Instructions for the task:
The expected output is every line of the data exactly as shown, minus the images.

Data excerpt:
++++++++++

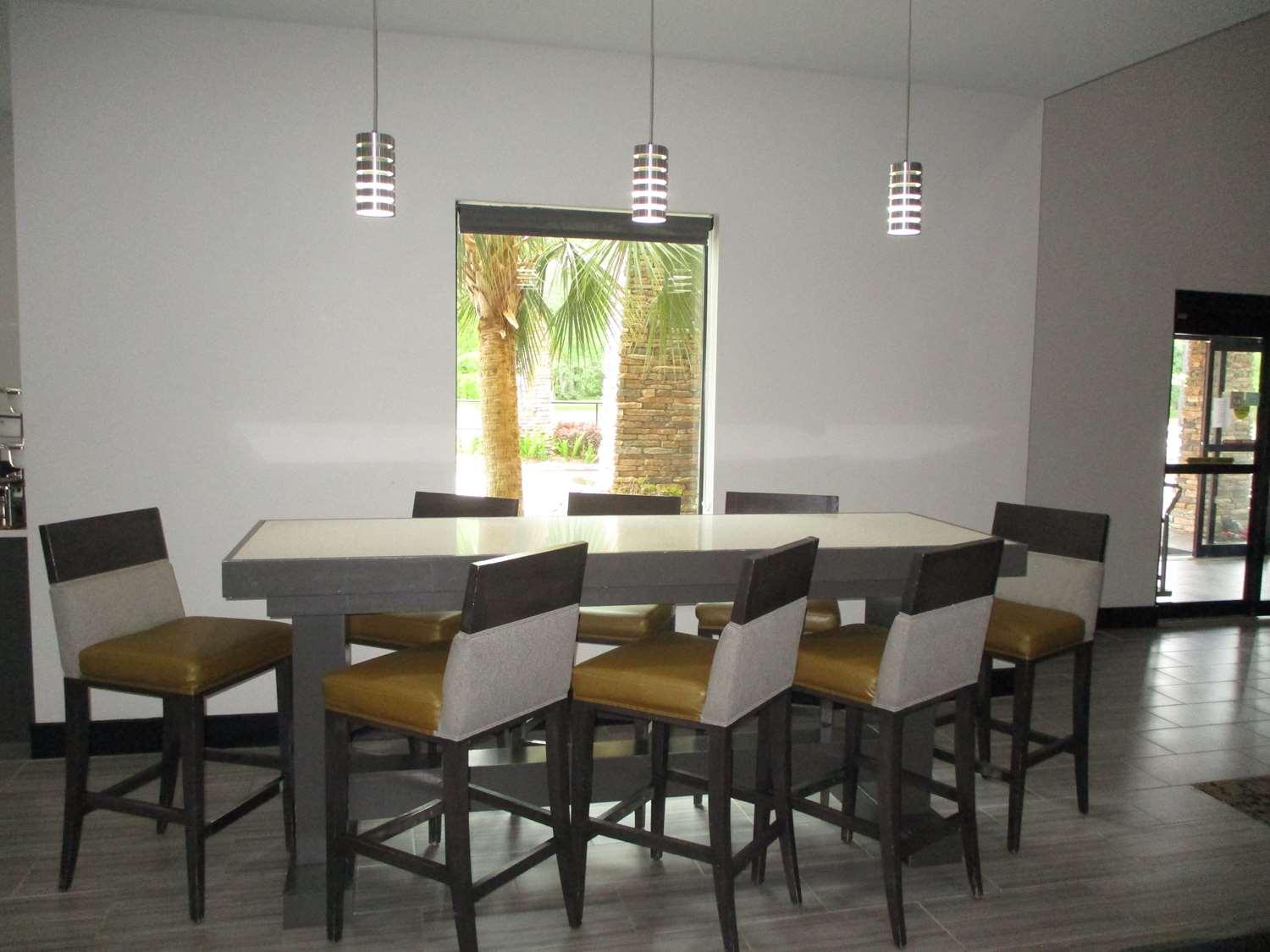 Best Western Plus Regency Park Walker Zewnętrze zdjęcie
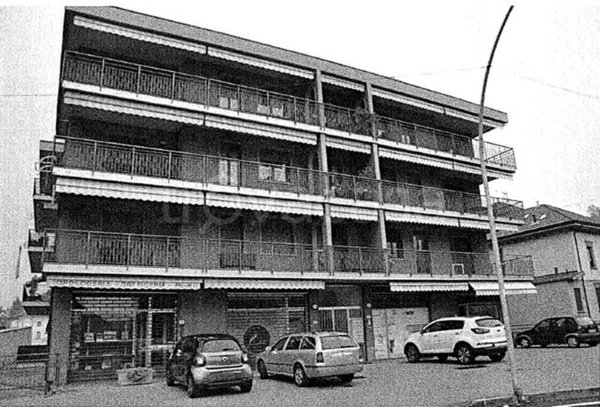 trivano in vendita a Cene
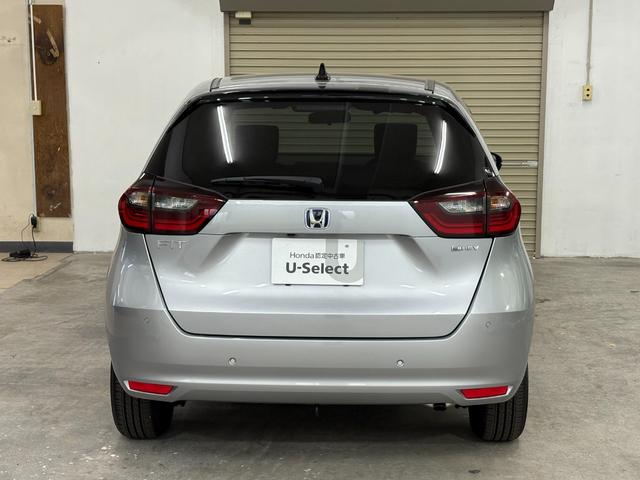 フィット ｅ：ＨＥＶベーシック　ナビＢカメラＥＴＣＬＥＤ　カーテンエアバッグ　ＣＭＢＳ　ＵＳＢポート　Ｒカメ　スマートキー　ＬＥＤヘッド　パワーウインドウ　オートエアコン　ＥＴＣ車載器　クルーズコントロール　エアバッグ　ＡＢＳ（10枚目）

++++++++++

Task solution:
 Best Western Plus Regency Park Walker Zewnętrze zdjęcie
 trivano in vendita a Cene
 フィット ｅ：ＨＥＶベーシック　ナビＢカメラＥＴＣＬＥＤ　カーテンエアバッグ　ＣＭＢＳ　ＵＳＢポート　Ｒカメ　スマートキー　ＬＥＤヘッド　パワーウインドウ　オートエアコン　ＥＴＣ車載器　クルーズコントロール　エアバッグ　ＡＢＳ（10枚目）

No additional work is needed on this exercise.